妹のとし子は賢治にとっていちばん近しい・自分に似た存在であったと思われます。それゆえに愛着を感じるのですが、近親者への愛着は、「むかしからのきょうだい」である「みんな」(全ての生き物)の幸福のことを忘れて、自分の愛するものだけが幸福になればよいと祈ることに通じます。

それゆえ、「みんな」の幸福のためには、「プレシオスの鎖」は、解かれねばならない、身近な者への執着は断ち切られねばならない、ということを、ブルカニロ博士は、夜空の「プレシオス」(おそらく賢治が創作した架空の星座でありましょう)に喩えて、ジョバンニに諭したのでありましょう。「世界がぜんたい幸福にならないうちは個人の幸福はありえない」のであります。
Yahoo知恵袋より引用

ここから読み解くに「私の本当の幸いはみんなの本当の幸いではない(みんなの幸せのために、自分は幸せになれない)」ということに気づいた知夏は自殺した。他にどうすることもできなかったから。自分の幸せは逃げること(自殺)でしかなかった。舞台上では何も起きないという欠陥はあるけども、これはとてもおもしろい台本なのです(創作脚本賞かなと思った)。

しかし、どうしたらいいんでしょうね。いっそ生徒会室での文化祭の下りは要らないんじゃないかな。もっと別の、明希と知夏の関係、知夏と世界(日常)の関係を表現できるエピソードをいくつか入れて、全体をもう少しだけ抽象に振って練りなおしたら変わるのかな。

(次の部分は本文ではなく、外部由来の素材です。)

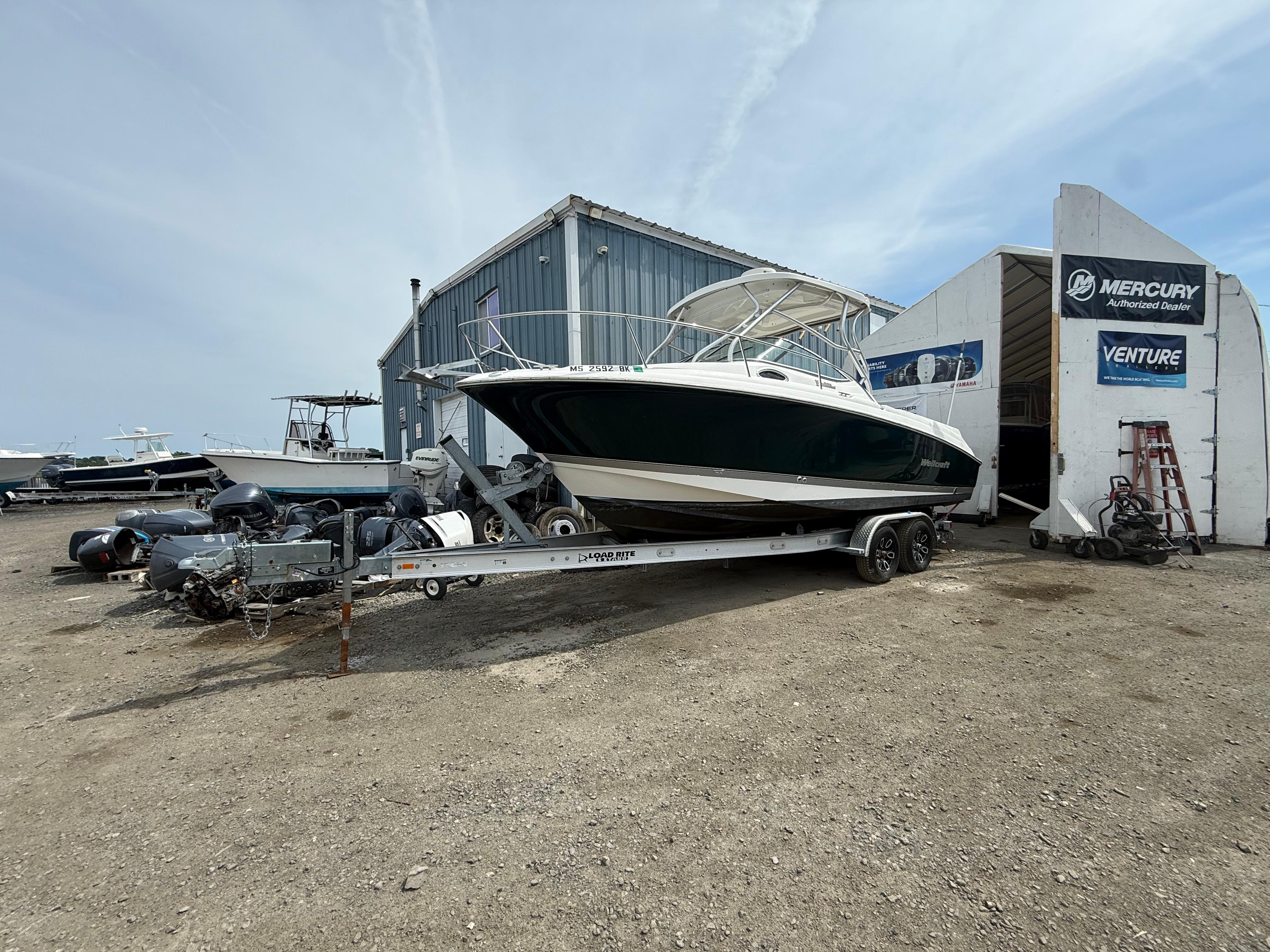 Wellcraft 252 Coastal 2005 Wellcraft 252 Coastal boat on trailer outside Mercury dealer building.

台本の問題に足を引っ張られた感はあるのですが(個人的な話ですが途中完全に飽きてしまいました)、それでも台本の良さを最大限に活かし非常によく作りこまれた舞台で、少し雑な部分は差し引いてもとても素敵でした。ラスト付近でブザーと汽笛を合わせる演出はにくいよね。この台本、練りなおしてもう一回やってくれないかなって本気で思ってます。上演おつかれさま!